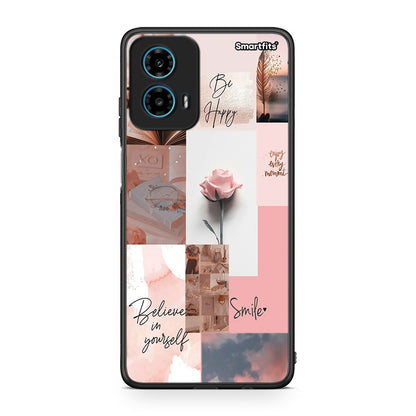 Motorola G34 5G Aesthetic Collage θήκη από τη Smartfits με σχέδιο στο πίσω μέρος και μαύρο περίβλημα | Smartphone case with colorful back and black bezels by Smartfits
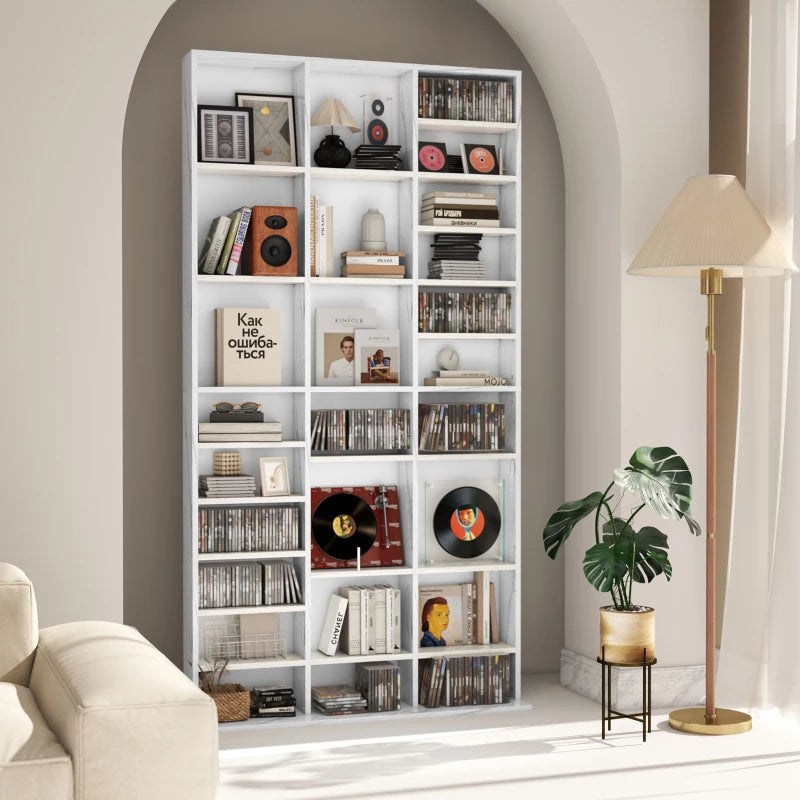 Adjustable CD Storage Unit with Marble Effect, 102 x 195 cm - Stylish and Functional Media Organizer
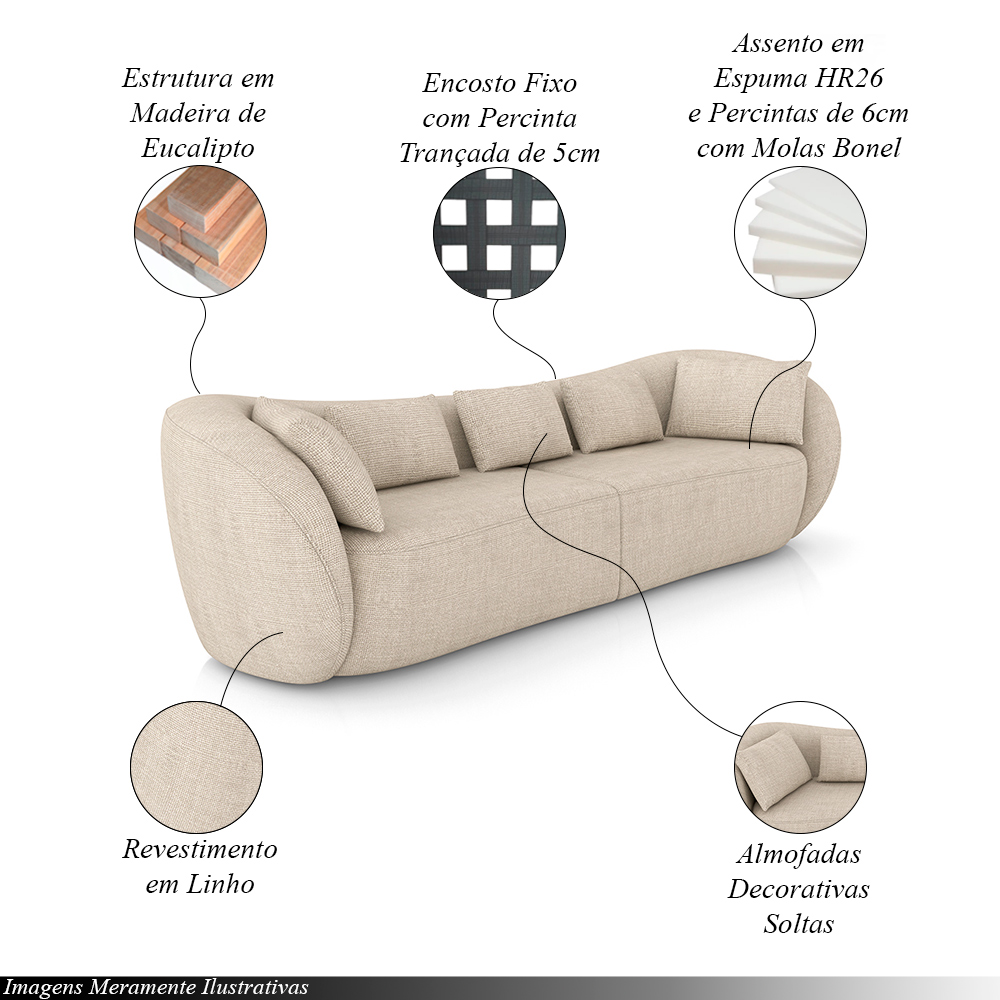 Sofá Bipartido Sala de Estar Diamond 212cm com Almofadas Soltas Linho Off White G52 - Gran Belo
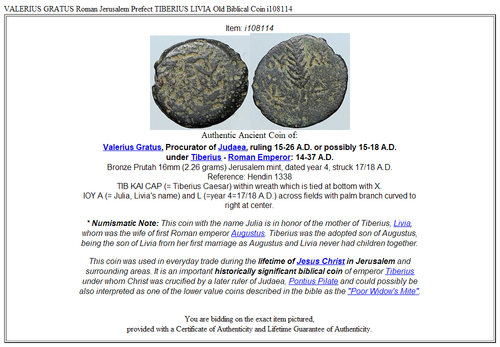 VALERIUS GRATUS römischer Jerusalem Präfekt TIBERIUS LIVIA alte biblische Münze I108114 - Bild 3 von 3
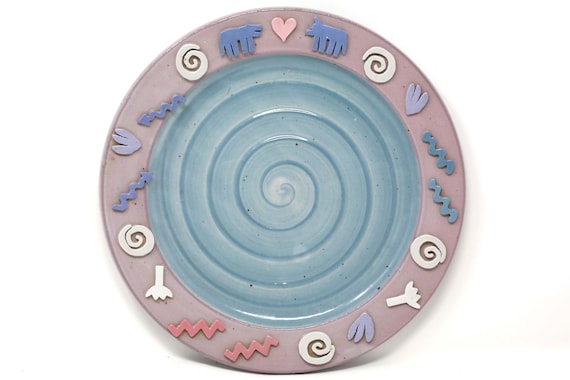 1991 Postmodern Studio Pottery Wall Plate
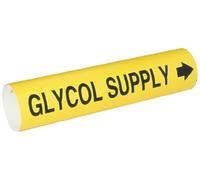 Brady 4190-D Bradysnap-on - Pennarello per tubi, B-915, foglio di plastica stampato a spirale nero su giallo, leggenda "fornitura di glicole"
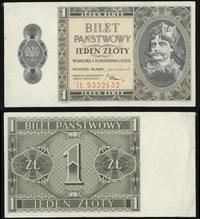 1 złoty 01.10.1938, seria IŁ, numeracja 9332632,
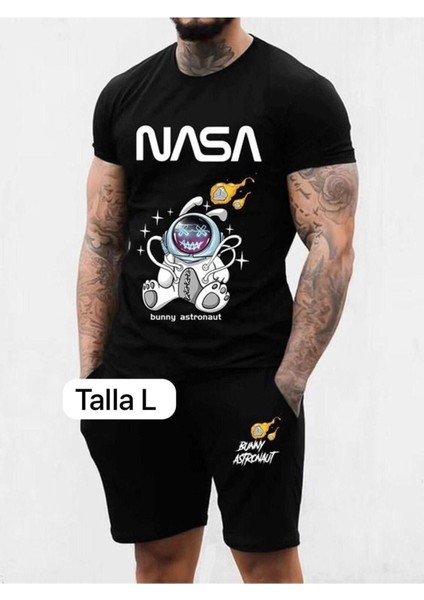 Unısex Nasa Astronotu Baskılı Tişört Şort Takımı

§ **REQUIREMENT**
The complete material, set down exactly and stripped of pictures, is the expected response.

§ **OUTPUT**
 Motorola G34 5G Aesthetic Collage θήκη από τη Smartfits με σχέδιο στο πίσω μέρος και μαύρο περίβλημα | Smartphone case with colorful back and black bezels by Smartfits
 Adjustable CD Storage Unit with Marble Effect, 102 x 195 cm - Stylish and Functional Media Organizer
 Sofá Bipartido Sala de Estar Diamond 212cm com Almofadas Soltas Linho Off White G52 - Gran Belo
 VALERIUS GRATUS römischer Jerusalem Präfekt TIBERIUS LIVIA alte biblische Münze I108114 - Bild 3 von 3
 1991 Postmodern Studio Pottery Wall Plate
 Brady 4190-D Bradysnap-on - Pennarello per tubi, B-915, foglio di plastica stampato a spirale nero su giallo, leggenda "fornitura di glicole"
 1 złoty 01.10.1938, seria IŁ, numeracja 9332632,
 Unısex Nasa Astronotu Baskılı Tişört Şort Takımı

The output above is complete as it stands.